I used the EBImage package to read the tiff images.
library(EBImage)
# Function to read pairs of tiff files, extract pixel matrices and create an array.
# E.g. an_array[,,"mask", "1_3"] contains the pixel matrix of the 1_3_matrix.tif file.
# Uses the 'EBImage' package.
extractPix <- function(folder, image_name, extension) {
## Concatenate filepath from input variables and read images.
filepath <- paste0(folder, "/", image_name, ".", extension)
filepath.m <- paste0(folder, "/", image_name, "_mask.", extension)
Image <- readImage(filepath)
Mask <- readImage(filepath.m)
## Extract pixel matrices from both images and combine them in one array.
(image_array <- array(
c(as.vector(Image@.Data), as.vector(Mask@.Data)),
dim = c(580, 420, 2, 1),
dimnames = list(
NULL,
NULL,
c("image", "mask"),
image_name
)
))
return(image_array)
}
I used the abind package to bind new arrays to the existing one.
source("functions.R")
library(abind)
## Create vector with names of image files without the extension.
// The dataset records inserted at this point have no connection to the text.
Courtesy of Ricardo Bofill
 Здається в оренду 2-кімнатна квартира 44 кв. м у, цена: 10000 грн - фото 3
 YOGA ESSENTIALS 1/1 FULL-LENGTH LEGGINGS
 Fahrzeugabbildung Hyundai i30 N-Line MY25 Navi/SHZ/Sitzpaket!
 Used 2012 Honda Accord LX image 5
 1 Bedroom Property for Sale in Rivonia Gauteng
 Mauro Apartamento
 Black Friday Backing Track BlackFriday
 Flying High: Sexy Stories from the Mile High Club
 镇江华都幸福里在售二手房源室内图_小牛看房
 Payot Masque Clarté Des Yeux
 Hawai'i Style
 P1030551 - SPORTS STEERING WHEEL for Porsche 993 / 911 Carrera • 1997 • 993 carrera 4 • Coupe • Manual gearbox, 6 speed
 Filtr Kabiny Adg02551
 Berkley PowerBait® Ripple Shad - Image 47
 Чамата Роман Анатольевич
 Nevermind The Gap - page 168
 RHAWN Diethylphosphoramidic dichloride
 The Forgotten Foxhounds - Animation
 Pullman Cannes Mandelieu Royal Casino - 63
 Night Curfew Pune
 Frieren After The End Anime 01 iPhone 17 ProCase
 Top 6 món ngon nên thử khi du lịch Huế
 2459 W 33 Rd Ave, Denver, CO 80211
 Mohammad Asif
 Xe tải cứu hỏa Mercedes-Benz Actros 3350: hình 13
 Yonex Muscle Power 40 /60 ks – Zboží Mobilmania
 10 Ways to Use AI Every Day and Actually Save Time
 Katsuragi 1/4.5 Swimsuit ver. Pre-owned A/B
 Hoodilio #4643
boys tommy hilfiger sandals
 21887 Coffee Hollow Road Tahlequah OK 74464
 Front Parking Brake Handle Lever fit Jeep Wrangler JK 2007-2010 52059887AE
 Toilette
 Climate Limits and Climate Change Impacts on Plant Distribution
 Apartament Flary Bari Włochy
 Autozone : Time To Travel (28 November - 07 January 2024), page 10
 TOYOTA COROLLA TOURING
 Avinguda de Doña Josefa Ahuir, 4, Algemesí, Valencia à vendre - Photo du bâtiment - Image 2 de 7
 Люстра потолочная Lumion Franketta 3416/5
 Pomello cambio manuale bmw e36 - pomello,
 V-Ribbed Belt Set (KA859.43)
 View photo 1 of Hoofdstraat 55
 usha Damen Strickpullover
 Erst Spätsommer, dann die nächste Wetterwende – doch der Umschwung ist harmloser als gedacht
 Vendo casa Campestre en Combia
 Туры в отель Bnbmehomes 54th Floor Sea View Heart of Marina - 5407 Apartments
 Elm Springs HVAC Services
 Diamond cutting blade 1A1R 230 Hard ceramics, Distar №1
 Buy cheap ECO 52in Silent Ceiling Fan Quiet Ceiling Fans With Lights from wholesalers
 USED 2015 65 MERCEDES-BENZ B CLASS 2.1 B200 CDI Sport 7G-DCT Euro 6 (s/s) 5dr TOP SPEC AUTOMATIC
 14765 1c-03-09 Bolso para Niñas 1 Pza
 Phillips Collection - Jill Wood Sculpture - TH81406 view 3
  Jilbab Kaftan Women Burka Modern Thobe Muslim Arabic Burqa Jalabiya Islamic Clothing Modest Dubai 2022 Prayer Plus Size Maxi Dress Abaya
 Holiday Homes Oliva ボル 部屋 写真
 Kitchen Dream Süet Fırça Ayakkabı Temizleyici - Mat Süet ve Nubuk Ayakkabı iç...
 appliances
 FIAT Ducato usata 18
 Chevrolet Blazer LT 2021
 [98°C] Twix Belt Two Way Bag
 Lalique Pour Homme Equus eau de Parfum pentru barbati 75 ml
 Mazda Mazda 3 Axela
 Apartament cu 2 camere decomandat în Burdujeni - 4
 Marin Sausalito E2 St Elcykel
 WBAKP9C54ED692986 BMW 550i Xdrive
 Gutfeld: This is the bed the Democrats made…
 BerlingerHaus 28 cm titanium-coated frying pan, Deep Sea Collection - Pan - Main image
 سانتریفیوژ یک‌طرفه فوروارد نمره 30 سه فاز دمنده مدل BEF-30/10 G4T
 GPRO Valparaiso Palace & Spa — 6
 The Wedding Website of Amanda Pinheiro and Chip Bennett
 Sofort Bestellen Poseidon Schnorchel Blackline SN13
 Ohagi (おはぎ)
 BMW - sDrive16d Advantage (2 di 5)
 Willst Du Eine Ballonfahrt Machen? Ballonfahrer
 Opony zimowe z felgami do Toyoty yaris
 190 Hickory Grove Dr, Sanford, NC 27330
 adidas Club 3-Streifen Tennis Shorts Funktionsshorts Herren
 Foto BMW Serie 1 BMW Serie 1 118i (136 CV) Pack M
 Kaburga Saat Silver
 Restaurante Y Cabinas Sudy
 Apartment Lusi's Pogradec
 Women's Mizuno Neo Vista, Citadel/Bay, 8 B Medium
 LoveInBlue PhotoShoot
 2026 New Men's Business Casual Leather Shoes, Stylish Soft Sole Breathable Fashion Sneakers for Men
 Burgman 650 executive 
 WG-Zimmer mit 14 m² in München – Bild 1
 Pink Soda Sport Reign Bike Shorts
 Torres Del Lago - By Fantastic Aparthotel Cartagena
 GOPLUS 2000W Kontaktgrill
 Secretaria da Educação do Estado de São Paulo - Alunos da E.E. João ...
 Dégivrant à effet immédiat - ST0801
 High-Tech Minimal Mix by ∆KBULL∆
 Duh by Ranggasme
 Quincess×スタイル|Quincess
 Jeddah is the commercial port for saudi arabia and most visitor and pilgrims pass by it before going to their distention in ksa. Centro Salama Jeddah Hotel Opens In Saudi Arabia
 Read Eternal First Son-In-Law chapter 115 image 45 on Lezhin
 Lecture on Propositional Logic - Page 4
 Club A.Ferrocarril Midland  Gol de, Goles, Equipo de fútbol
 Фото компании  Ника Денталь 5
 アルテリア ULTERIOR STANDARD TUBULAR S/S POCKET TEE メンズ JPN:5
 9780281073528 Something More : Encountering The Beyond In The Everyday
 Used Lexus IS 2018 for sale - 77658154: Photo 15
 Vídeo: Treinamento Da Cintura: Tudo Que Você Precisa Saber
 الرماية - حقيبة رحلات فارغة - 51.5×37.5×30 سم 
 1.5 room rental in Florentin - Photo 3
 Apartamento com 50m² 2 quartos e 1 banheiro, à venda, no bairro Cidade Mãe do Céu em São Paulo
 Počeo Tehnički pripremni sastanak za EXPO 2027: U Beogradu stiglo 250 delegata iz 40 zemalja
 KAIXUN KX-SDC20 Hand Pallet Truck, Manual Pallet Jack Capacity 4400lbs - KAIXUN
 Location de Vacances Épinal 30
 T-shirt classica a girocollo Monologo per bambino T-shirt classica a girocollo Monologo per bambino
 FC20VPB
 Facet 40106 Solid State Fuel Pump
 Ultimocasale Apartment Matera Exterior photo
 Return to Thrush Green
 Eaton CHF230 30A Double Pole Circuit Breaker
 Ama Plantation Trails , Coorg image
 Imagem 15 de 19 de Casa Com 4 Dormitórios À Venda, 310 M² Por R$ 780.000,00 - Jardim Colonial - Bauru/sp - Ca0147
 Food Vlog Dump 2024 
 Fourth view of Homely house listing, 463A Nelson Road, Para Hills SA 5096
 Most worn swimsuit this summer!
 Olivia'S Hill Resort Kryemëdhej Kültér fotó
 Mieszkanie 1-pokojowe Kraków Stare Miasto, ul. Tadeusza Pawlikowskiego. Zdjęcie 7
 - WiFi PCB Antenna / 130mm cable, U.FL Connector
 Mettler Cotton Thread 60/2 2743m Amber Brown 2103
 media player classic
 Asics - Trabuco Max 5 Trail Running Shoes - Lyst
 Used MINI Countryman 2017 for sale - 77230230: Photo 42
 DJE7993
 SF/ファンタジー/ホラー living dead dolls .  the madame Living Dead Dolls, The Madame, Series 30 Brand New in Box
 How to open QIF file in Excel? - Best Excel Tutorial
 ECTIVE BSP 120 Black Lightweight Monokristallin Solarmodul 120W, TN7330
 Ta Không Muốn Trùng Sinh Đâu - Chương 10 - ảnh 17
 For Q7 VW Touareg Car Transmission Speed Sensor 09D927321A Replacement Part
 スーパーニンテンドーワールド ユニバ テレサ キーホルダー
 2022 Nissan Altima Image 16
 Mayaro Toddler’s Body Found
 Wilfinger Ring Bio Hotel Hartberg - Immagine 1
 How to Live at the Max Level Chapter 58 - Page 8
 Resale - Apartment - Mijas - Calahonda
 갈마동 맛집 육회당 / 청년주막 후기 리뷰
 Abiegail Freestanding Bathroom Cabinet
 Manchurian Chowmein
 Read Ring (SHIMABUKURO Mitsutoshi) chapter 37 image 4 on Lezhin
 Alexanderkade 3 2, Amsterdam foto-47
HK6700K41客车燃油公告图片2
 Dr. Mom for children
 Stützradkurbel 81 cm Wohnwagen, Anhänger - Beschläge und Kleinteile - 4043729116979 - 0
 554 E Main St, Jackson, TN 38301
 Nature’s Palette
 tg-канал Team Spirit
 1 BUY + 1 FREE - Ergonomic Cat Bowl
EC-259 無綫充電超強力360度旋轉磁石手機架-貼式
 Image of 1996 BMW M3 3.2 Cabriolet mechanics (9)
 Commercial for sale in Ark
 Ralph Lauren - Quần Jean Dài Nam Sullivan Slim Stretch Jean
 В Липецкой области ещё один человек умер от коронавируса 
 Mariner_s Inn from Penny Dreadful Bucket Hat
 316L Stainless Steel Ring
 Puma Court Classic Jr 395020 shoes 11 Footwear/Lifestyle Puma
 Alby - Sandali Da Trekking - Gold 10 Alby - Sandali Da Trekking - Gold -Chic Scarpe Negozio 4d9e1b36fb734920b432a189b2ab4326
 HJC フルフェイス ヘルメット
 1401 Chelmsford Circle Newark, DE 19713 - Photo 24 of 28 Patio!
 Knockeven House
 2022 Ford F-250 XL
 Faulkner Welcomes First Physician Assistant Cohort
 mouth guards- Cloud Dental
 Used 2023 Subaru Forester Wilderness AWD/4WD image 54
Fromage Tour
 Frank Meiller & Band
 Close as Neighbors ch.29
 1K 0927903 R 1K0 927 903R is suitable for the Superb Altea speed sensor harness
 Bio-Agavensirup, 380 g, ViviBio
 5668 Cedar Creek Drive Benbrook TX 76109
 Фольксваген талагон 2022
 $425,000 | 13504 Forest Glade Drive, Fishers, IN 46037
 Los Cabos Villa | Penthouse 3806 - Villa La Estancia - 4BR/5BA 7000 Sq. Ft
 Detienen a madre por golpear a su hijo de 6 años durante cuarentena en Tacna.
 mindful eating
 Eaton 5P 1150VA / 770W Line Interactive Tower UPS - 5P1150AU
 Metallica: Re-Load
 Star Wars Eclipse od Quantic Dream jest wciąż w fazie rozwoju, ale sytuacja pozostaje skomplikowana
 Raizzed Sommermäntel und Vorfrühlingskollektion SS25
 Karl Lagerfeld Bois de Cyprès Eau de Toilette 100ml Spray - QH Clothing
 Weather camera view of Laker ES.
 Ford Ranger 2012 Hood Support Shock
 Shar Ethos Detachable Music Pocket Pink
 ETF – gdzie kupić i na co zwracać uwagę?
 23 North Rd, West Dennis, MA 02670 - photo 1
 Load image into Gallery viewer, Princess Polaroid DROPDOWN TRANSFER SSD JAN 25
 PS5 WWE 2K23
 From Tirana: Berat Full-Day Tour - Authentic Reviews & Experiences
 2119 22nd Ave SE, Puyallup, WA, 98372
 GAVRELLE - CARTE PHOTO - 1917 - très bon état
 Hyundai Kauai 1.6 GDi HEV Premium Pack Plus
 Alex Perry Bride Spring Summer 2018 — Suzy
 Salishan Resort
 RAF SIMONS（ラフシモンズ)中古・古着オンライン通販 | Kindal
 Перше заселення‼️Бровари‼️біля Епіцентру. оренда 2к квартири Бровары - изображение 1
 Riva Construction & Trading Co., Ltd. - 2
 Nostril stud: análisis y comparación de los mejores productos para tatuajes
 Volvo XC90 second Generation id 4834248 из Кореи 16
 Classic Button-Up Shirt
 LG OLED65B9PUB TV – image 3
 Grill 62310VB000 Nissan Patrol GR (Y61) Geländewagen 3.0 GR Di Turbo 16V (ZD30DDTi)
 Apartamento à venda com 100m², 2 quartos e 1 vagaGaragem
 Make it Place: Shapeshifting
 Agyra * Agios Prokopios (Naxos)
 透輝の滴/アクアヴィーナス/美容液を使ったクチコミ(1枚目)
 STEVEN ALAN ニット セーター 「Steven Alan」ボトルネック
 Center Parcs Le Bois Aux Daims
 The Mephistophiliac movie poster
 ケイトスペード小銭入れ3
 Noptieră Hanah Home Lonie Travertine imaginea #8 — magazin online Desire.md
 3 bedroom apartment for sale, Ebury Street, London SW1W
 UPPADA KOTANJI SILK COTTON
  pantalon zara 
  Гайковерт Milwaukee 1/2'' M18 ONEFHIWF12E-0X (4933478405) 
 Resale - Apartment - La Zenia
scans <- list.files(path = "train", pattern = ".[0-9]+\\.tif")
scans <- gsub("\\.tif", "", scans)
## Use scans vector to loop through pairs of image and mask files
## to extract pixel data and combine them in one array.
ptm <- proc.time()
arr <- extractPix("train", "1_1", "tif")
for (i in scans[2:length(scans)]) {
new_arr <- extractPix("train", i, "tif")
arr <- abind(arr, new_arr)
}
proc.time() - ptm
## user system elapsed
## 0.584 0.057 0.651
Finished! Now the pixel data of all the image files is stored in one array. If for instance we want to see the matrix belonging to the 1_4 image file (first 6 rows and 20 columns) we can call:
head(arr[,c(1:20),"image","1_4"])
## [,1] [,2] [,3] [,4] [,5] [,6] [,7]
## [1,] 0.0000000 0.0000000 0.0000000 0.0000000 0.0000000 0.0000000 0.0000000
## [2,] 0.6549020 0.9372549 0.9254902 0.5764706 0.5490196 0.4980392 0.4705882
## [3,] 0.5529412 0.7960784 0.7921569 0.5333333 0.4784314 0.4901961 0.4352941
## [4,] 0.5372549 0.7764706 0.7725490 0.5058824 0.4431373 0.4784314 0.4274510
## [5,] 0.4941176 0.7450980 0.7607843 0.4784314 0.4392157 0.4666667 0.4039216
## [6,] 0.4823529 0.7450980 0.7490196 0.4588235 0.4431373 0.4627451 0.3843137
## [,8] [,9] [,10] [,11] [,12] [,13] [,14]
## [1,] 0.0000000 0.0000000 0.0000000 0.0000000 0.0000000 0.0000000 0.0000000
## [2,] 0.5098039 0.5450980 0.6078431 0.6392157 0.5960784 0.5960784 0.6196078
## [3,] 0.4627451 0.5764706 0.6313725 0.5568627 0.5411765 0.5333333 0.5529412
## [4,] 0.4627451 0.5764706 0.6313725 0.5568627 0.5411765 0.5333333 0.5529412
## [5,] 0.4392157 0.5607843 0.6313725 0.5647059 0.5254902 0.5411765 0.5686275
## [6,] 0.4156863 0.5490196 0.6352941 0.5764706 0.5176471 0.5490196 0.5803922
## [,15] [,16] [,17] [,18] [,19] [,20]
## [1,] 0.0000000 0.0000000 0.0000000 0.0000000 0.0000000 0.0000000
## [2,] 0.6352941 0.6470588 0.6549020 0.6627451 0.6509804 0.6156863
## [3,] 0.5764706 0.5490196 0.6156863 0.6470588 0.6117647 0.5529412
## [4,] 0.5764706 0.5490196 0.6156863 0.6470588 0.6117647 0.5647059
## [5,] 0.5725490 0.5607843 0.6000000 0.6509804 0.6313725 0.6000000
## [6,] 0.5686275 0.5725490 0.5921569 0.6470588 0.6470588 0.6352941
First we generate a vector with all file names. This vector is used as one of name vectors of the array.
## Create vector with names of image files without the extension.
scans <- list.files(path = "train", pattern = ".[0-9]+\\.tif")
scans <- gsub("\\.tif", "", scans)
## Prepare an empty array
ptm <- proc.time()
image_array <- array(
c(numeric(580*420), numeric(580*420)),
dim = c(580, 420, 2, length(scans)),
dimnames = list(
NULL,
NULL,
c("image", "mask"),
scans
)
)
We loop through the vector with image names and fill the array with data from the pixel matrices of both the image and the mask.
for (i in scans[1:length(scans)]) {
filepath <- paste0("train/", i, ".tif")
filepath.m <- paste0("train/", i, "_mask.tif")
Image <- readImage(filepath)
Mask <- readImage(filepath.m)
image_array[,,"image", i] <- as.vector(Image@.Data)
image_array[,,"mask", i] <- as.vector(Mask@.Data)
}
proc.time() - ptm
## user system elapsed
## 0.280 0.035 0.317
The time stamps show that method B is much more efficient than A. This is expecially relevant when working with large image libraries.